*** Opening of DATASET EXTRACT ***

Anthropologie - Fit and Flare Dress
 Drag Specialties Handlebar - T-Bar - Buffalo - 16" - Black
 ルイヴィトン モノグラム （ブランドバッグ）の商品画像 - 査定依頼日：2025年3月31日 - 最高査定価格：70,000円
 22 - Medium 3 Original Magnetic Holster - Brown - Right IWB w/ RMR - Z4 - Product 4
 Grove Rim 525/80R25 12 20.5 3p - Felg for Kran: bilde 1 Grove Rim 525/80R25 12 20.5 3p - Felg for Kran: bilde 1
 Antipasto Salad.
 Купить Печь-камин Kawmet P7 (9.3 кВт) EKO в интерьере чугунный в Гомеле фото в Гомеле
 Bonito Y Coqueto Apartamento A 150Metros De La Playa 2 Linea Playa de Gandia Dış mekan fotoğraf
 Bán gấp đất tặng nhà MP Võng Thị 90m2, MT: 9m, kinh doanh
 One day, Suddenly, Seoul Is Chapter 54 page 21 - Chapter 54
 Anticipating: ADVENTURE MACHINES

*** Close of DATASET EXTRACT ***

**AIM OF THE TASK**
Lines from the one containing "22 - Medium" through the final line of the material should be set down exactly, and no other lines.

**SOLUTION TO THIS EXERCISE**
 22 - Medium 3 Original Magnetic Holster - Brown - Right IWB w/ RMR - Z4 - Product 4
 Grove Rim 525/80R25 12 20.5 3p - Felg for Kran: bilde 1 Grove Rim 525/80R25 12 20.5 3p - Felg for Kran: bilde 1
 Antipasto Salad.
 Купить Печь-камин Kawmet P7 (9.3 кВт) EKO в интерьере чугунный в Гомеле фото в Гомеле
 Bonito Y Coqueto Apartamento A 150Metros De La Playa 2 Linea Playa de Gandia Dış mekan fotoğraf
 Bán gấp đất tặng nhà MP Võng Thị 90m2, MT: 9m, kinh doanh
 One day, Suddenly, Seoul Is Chapter 54 page 21 - Chapter 54
 Anticipating: ADVENTURE MACHINES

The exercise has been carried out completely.